4 Kenyans among dead in South Sudan UN ambush

UN Secretary General Ban Ki-moon has said that attack could constitute a war crime/AFP

UN Secretary General Ban Ki-moon has said that attack could constitute a war crime/AFP

JUBA, Apr 10 – Four Kenyans were among the 12 people shot dead by gunmen who attacked a United Nations convoy in South Sudan on Tuesday.

Five Indian peacekeepers were also killed when some 200 attackers – some armed with rocket-propelled grenades – ambushed the convoy in the troubled eastern region of Jonglei.

Two South Sudanese working for the UN and a compatriot working alongside the Kenyans for a water drilling company were also killed, the company said.

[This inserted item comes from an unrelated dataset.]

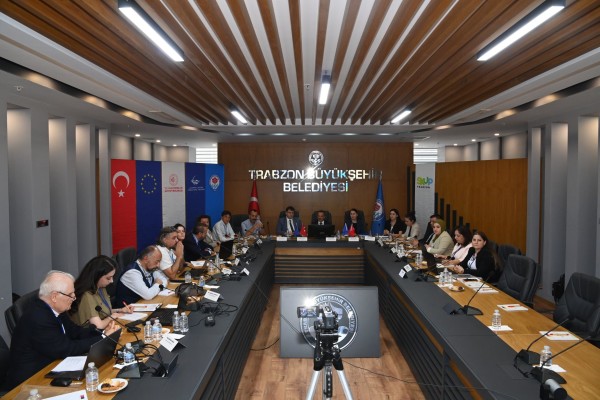 Trabzon Sürdürülebilir Kentsel Ulaşım Plani (Trabzon Skup) 8. Proje Yönlendirme Komitesi Toplantısı Gerçekleştirildi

UN Secretary General Ban Ki-moon has said that attack could constitute a war crime.

“The peacekeepers were vastly outnumbered,” UN peacekeeping spokeswoman Josephine Guerrero told AFP. “It was a deliberate and targeted attack.”

Bose Reddy, manager of the company drilling water boreholes for the UN, said that five of his employees had been killed, four Kenyans and one South Sudanese.

“We are completely shocked,” Reddy told AFP in Juba.

Nine people were also wounded in the attack.

“Two are badly injured, two are critical,” said Ariane Quentier, spokeswoman for the UN mission in South Sudan (UNMISS), adding that those wounded were being treated in hospital in neighbouring Uganda.

The bodies of the Indian peacekeepers would be flown home later on Wednesday, she added.

The volatile eastern state of Jonglei has been the scene of widespread ethnic conflict since South Sudan became independent in July 2011, with bloody battles between rival tribes, including the Dinka, Lou Nuer and Murle people.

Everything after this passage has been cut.